IL LAVORO TEMPORANEO IN OLANDA
L'Olanda è tra i paesi europei quello con l'incidenza più alta di interinali rispetto al totale degli occupati (4%). E anche tra i più liberali nel disciplinare il lavoro temporaneo, regolato da una legge del 1990 sui servizi per l'impiego. Si può infatti ricorrere sempre al lavoro temporaneo, tranne alcuni vincoli previsti in settori specifici (costruzioni, marittimo, trasporto di cose e persone) e fatto salvo, ancora una volta, il divieto di utilizzarlo per sostituire lavoratori in sciopero. E soprattutto non sono posti limiti alla durata della missione: il lavoratore può essere quindi affittato dall'impresa anche a tempo indeterminato, consentendo così l'ipotesi di 'staff leasing'. Niente forma scritta obbligatoria per i contratti, mentre tra lavoratore e agenzia il rapporto di lavoro non necessariamente è di tipo subordinato. Le agenzie di interinale, poi, possono anche svolgere intermediazione di manodopera; per avviare l'attività è comunque necessaria un'autorizzazione specifica. Ai lavoratori temporanei, che ricevono un trattamento paritario rispetto ai dipendenti con qualifiche analoghe, non è riconosciuta nessuna indennità per compensare la precarietà dell'impiego. Quanto ai diritti sindacali, i lavoratori interinali beneficiano delle disposizioni del contratto collettivo applicabile al personale permanente dell'impresa utilizzatrice, ma non possono partecipare ai consigli di impresa n è scioperare.
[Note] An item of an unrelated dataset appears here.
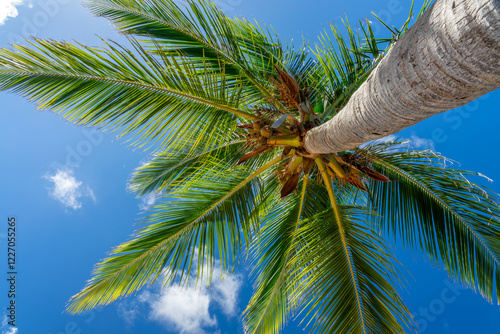 Looking up at palm tree, view from below lying on a caribbean beach, tropical dream travel, Saint Martin island photo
IL LAVORO TEMPORANEO NEL REGNO UNITO
Ancora più liberale la regolamentazione dell'interinale nel Regno Unito, dove non esiste una disciplina specifica (il quadro di riferimento è tracciato da due norme del 1994 e del 1973) per i 254.000 lavoratori temporanei (0,9% degli occupati). Il ricorso al lavoro temporaneo è sempre lecito: l'unico divieto si incontra per la sostituzione dei lavoratori in sciopero. Come in Olanda, è ammesso inoltre lo 'staff leasing': la missione presso l'impresa utilizzatrice può andare avanti infatti anche a tempo indeterminato. Non esistono regole particolari per stipulare i contratti di fornitura e di prestazione di lavoro temporaneo, che non necessariamente si basa su un rapporto di lavoro subordinato. N è serve un'autorizzazione specifica per le agenzie, basta una semplice dichiarazione alle autorità fiscali e l'iscrizione al registro commerciale. Inoltre, è possibile svolgere parallelamente anche attività di collocamento. Niente diritto di sciopero per il lavoratore interinale e per il trattamento retributivo non sono previsti parametri di riferimento: normalmente risulta di molto inferiore a quello dei lavoratori dell'impresa utilizzatrice che svolgono mansioni analoghe.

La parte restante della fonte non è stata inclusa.